Scherenbühnen

Die Bezeichnung "Senkrechtsteiger", die für die Scherenbühnen auch benutzt wird, kommt nicht von ungefähr. Wenn sie zum Einsatz kommt, geht es auf direktem Weg vertikal nach oben. Ob ihr Einsatz innen oder außen stattfindet - sie eignet sich hervorragend, um als mobiler Lastenaufzug sowohl Mensch als auch Ladung hoch hinauszubringen. Für Arbeiten unter Decken oder hohen Wänden ist sie daher bestens geeignet. Die Scherenbühne ist selbst fahrend und zum Teil abstützungsfrei. Ein großes Plus besteht in der Tatsache, dass sie von der Arbeitsplattform gesteuert werden kann. So kann auf den erheblichen Aufwand, den nächsten Arbeitsort vom Boden aus anfahren zu müssen, getrost verzichtet werden. Gleiches gilt für die Nutzung von Gerüsten. Bei häufig wechselnden Arbeitsorten und kurzen Abständen zwischen den Arbeiten wäre der Zeitverlust, der durch ein Gerüstaufbau zustande käme, enorm. Die Scherenbühne zeigt sich hier flexibel und beweglich.

Wenn es drauf ankommt, verfügt die Scherenbühne über eindrucksvolle Kräfte. Bei maximalen Lasten von bis zu 1.100 kg kann sie einiges stemmen. Und auch bei den Arbeitshöhen sollte man schon schwindelfrei sein. Die Scherenbühne beginnt ihre Tätigkeiten bereits bei 6 Metern und kann es bis auf 34 Meter bringen.

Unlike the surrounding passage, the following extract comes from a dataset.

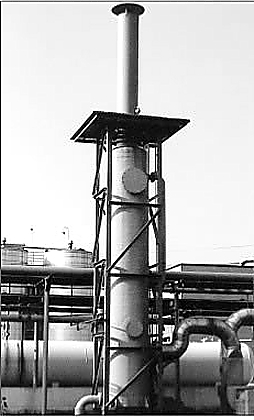The Clean Air Group designed the Union Camp packed tower scrubber used in Union Camp 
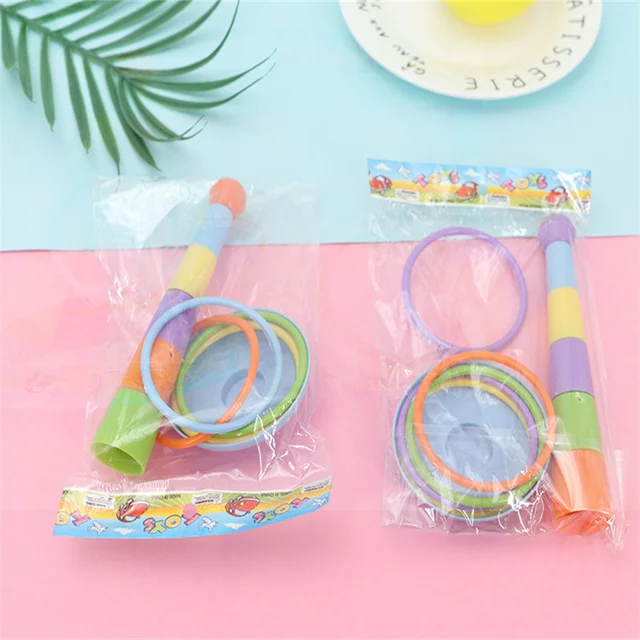 Kids Toy Activity Training Colorful Rings Funny Mini Ferrule Toy for Children Parrot  Development Interactive Supplies Bird Toy 4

Die Ausstattungsmerkmale der Scherenbühne sind ebenso vielfältig wie ihre Einsatzgebiete. Für Inneneinsätze werden oft "Indoor-Scheren" oder "Elektroscheren" verwendet. Sie verfügen über ein nur geringes Eigengewicht. Außerdem sind sie schmal und kompakt. So entsteht eine effektive Mischung aus Leichtigkeit und Wendigkeit. Diese Bühnen sind oft mit umweltschonenden Hochleistungsbatterien ausgestattet. Sie werden auf nicht markierenden Vollgummireifen bewegt. Das trägt zur Schonung auch empfindlicher Böden bei. Wenn der Platz knapp wird und enge Gänge oder Hochregallager die Arbeit erschweren, punktet die Scherenbühne mit ihrer geringen Durchfahrbreite. Findet der Einsatz im Freien statt, kommen andere Modelle als für den Innenbereich in Betracht. Das beginnt bereits beim Antrieb. Meistens werden Scherenbühnen außen mit Diesel angetrieben. Es findet sich auch Gasantrieb, jedoch bildet diese Antriebsform eher die Ausnahme. In der Regel verfügen Scherenbühnen für Außeneinsätze über Allradantrieb. Hinzu kommen ein grobes Stollenprofil der Reifen und eine Pendelachse. Besondere Bedeutung kommt der Differentialsperre zu. Sie dient der Sicherheit bei schwierigen Fahrmanövern. In solchen Momenten kann es passieren, dass einzelne Räder den Kontakt zum Boden verlieren. Dank der Differentialsperre drehen die noch am Boden befindlichen Reifen weiter durch. Dadurch bleibt der Vortrieb bestehen. Ein Festfahren oder Durchdrehen kann so verhindert werden. Durch den Allradantrieb wird sicher gestellt, dass trotz schwierigem und unwegsamem Gelände der Einsatzort dennoch mühelos erreicht wird. Es gibt Modelle von Scherenbühnen, die zusätzlich mit Allradlenkung ausgestattet sind. Diese Hebebühnennart zeigt durch ihre große Bodenfreiheit besonders auf sehr unebenem Gelände, was sie kann.

Da die Scheren-Arbeitsbühne in enormen Höhen eingesetzt werden kann und in der Lage ist, auch schwere Lasten zu transportieren, bietet sich auch der Einsatz bei Schwermontagen an. Vielfache Nutzung zeigt sich in diversen weiteren Arbeitsgebieten. So findet sich die Scheren-Arbeitsbühne bei Industriemontagen oder der Industriereinigung, bei Elektroinstallationen und bei Sprinkler- und Brandschutzarbeiten. Man findet sie aber auch im Hallen- und Tunnelbau oder bei Abbruch- oder Reparaturarbeiten. Bei Klima- oder Heizungsarbeiten kommt sie ebenfalls oft zum Einsatz, und die Liste ließe sich weiterführen.